Here is a simplified version of my backup script that runs in the host:
# shutdown the guest to ensure its filesystem is in a stable state
virsh shutdown web --mode=acpi
sleep 20s # the real script uses a smarter method to wait for the guest shutdown to complete
# make a snapshot copy of the offline guest
lvcreate -n web-bsnap -L50GB -s /dev/vg0/web
# start the guest to minimize the offline time
virsh start web
# create the backup volume
lvcreate -n web-0 -L 193273528320B /dev/vg0
# make the backup by copying the offline snapshot
nice -n 19 dd if=/dev/vg0/web-bsnap of=/dev/vg0/web-0 bs=4K
# remove the snapshot
lvremove -f /dev/vg0/web-bsnap
The backup takes more than 1 hour, but the problem is that, during that time, the guest becomes very slow (at times it is unreachable too).

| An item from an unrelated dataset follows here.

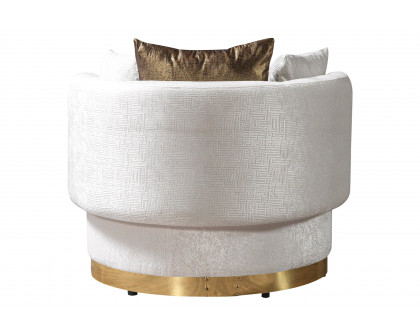 Nova Michelle Velvet Chair - Ivory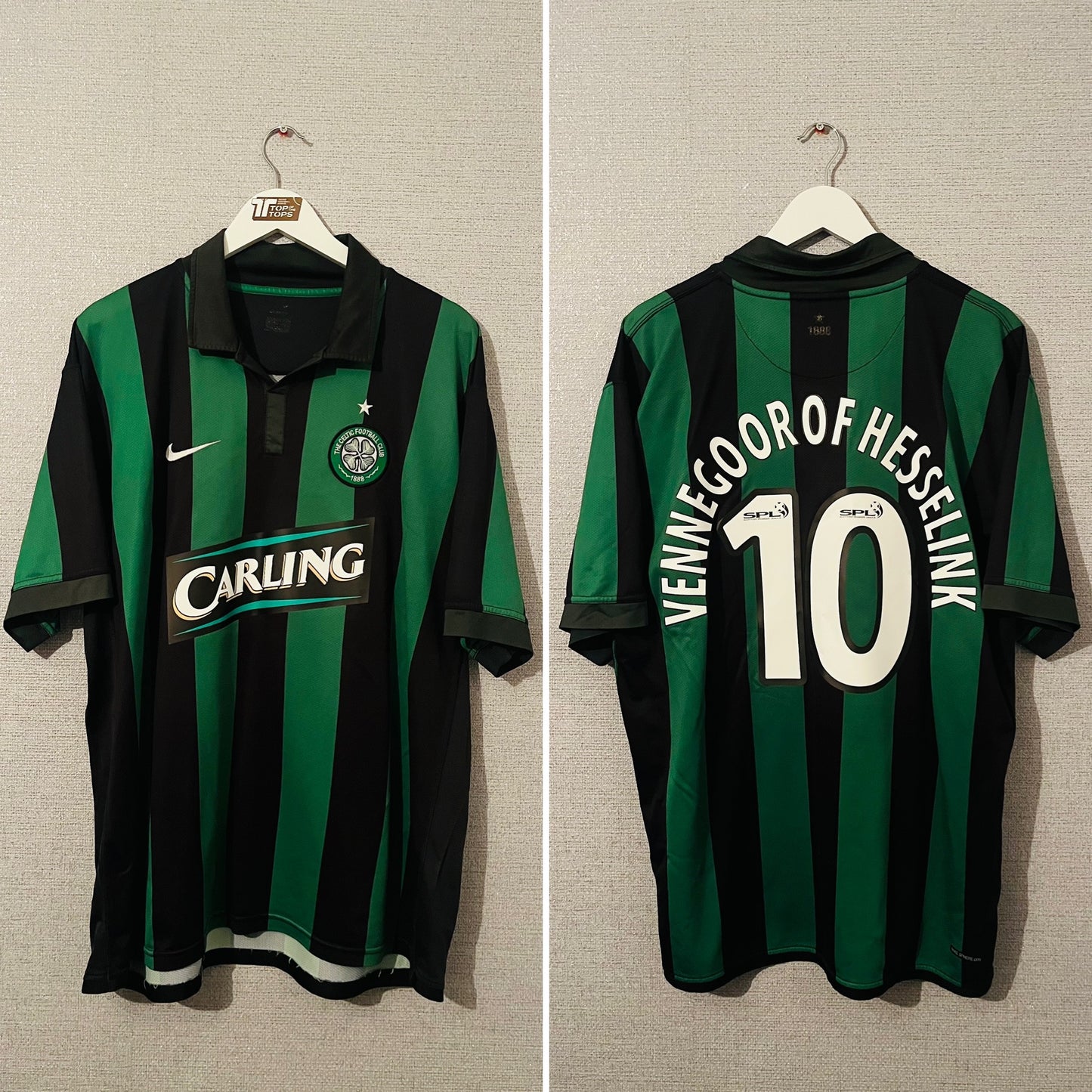 Glasgow Celtic away football shirt 2006/08 Hesselink XXL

I have no need for the backup to end in 1 hour or 2, it can take 10 hours if needed, but I want it to run at lowest priority so that it doesn't disturb the normal guest operations. The nice
command is there for that reason, but it doesn't seem to make any difference.
The host system is a Debian GNU/Linux 8 amd64 with the Linux kernel from sid (4.7). The same goes for the guest. The problem was just the same with the jessie kernel (3.16) on both host and guest.
The host hardware is way oversized for the usual guest workload, with 256GB of RAM, a Intel(R) Xeon(R) CPU E5-1650 v3 @ 3.50GHz with 6 cores and 2TB RAID1 storage on enterprise SATA disks, all for a single guest with a website that serves 1 webpage/second on average. The usual server load is below 1.
What can I do to make the backup less intrusive?